Internationally renowned artist Pipilotti Rist presents her major installation 4th Floor to Mildness in a West Coast premiere and only second exhibition in the U.S. 

Pipilotti Rist dissolves exhibition spaces through luminous color, moving imagery, and melodic sound. 4th Floor to Mildness immerses us in a soft, aquatically inspired environment, where a film shot underwater plays across two biomorphic-shaped screens hanging from the ceiling. A soundtrack by experimental musician Soap&Skin/Anja Plaschg adds to the ambience with lyrics about dreams, love, and memories as the camera catches glimpses of floating bodies. Two projected light circles move across the room, enlightening it with visceral hues. For Rist, this light represents a “desire to turn yourself inside out.”

Rist creates conditions for visitors to come together in unconventional ways so that we might better understand our relationships to one another, our own bodies, and nature. In the gallery, raft-like beds provide a place for us to rest and share social space as we watch the projection overhead. She asks: “What happens to our perceptions when we don’t have to stand or fight gravity?” The sensation of floating may evoke a sense of returning to an elemental state. For the artist, the work “describes the fantasy of [ourselves] being an organic plant . . . and simulates our dissolution into water, mud, slime, molecules and atoms.”

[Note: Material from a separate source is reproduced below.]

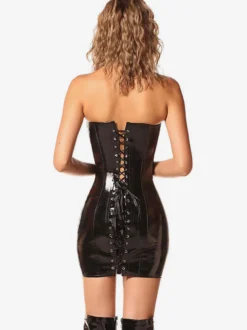 Robe De Club Pour Femmes Robe Sexy Sans Bretelles Noires À Lacets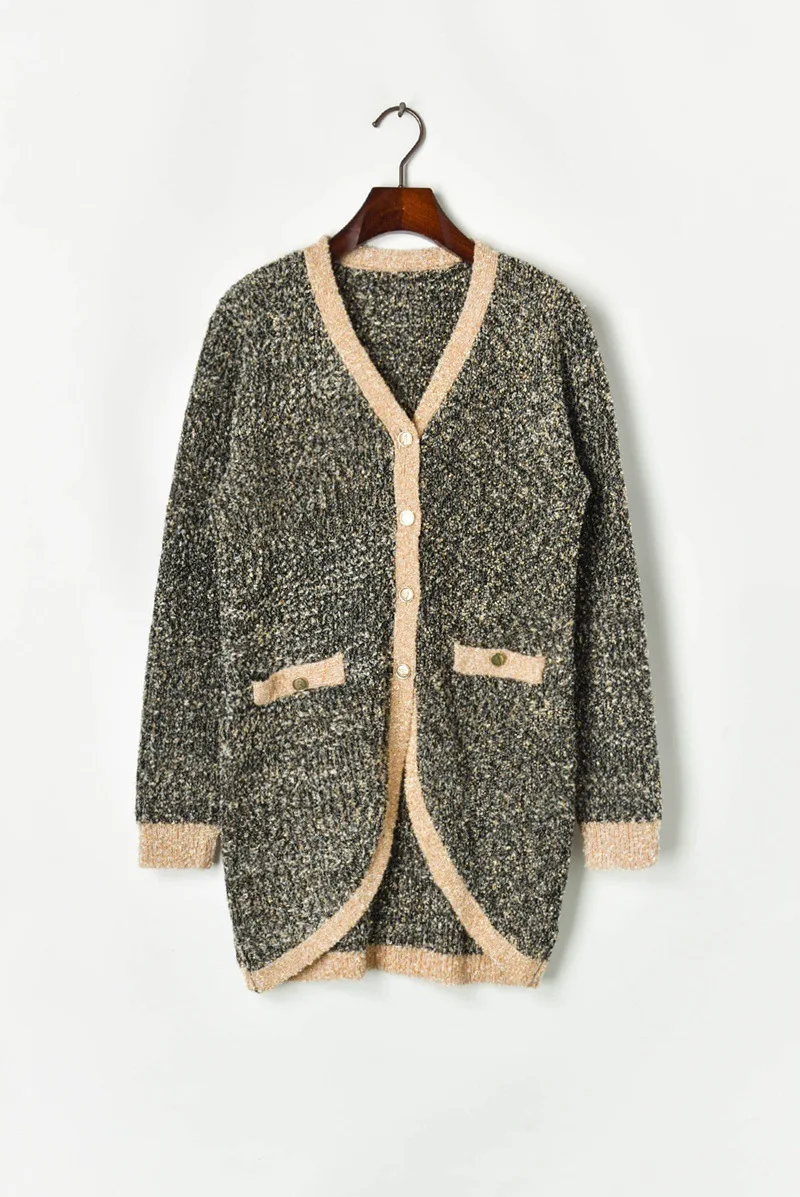 Dovetail Long Cardigan Fall V-neck Single Breasted Sweater Coat Knit Glitter Wool Blend Long Cardigans Coat Women Sweaters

Originally created for the fourth floor of the New Museum of Contemporary Art in New York, PAM adapted the work to the Crumpacker Center with the assistance of the artist’s team at Atelier Rist; production partner Portland Garment Factory, a woman-owned B-corp and zero-waste creative factory, created the curtains, beds, and bed coverings, and Figure Plant engineered and fabricated the hanging screens.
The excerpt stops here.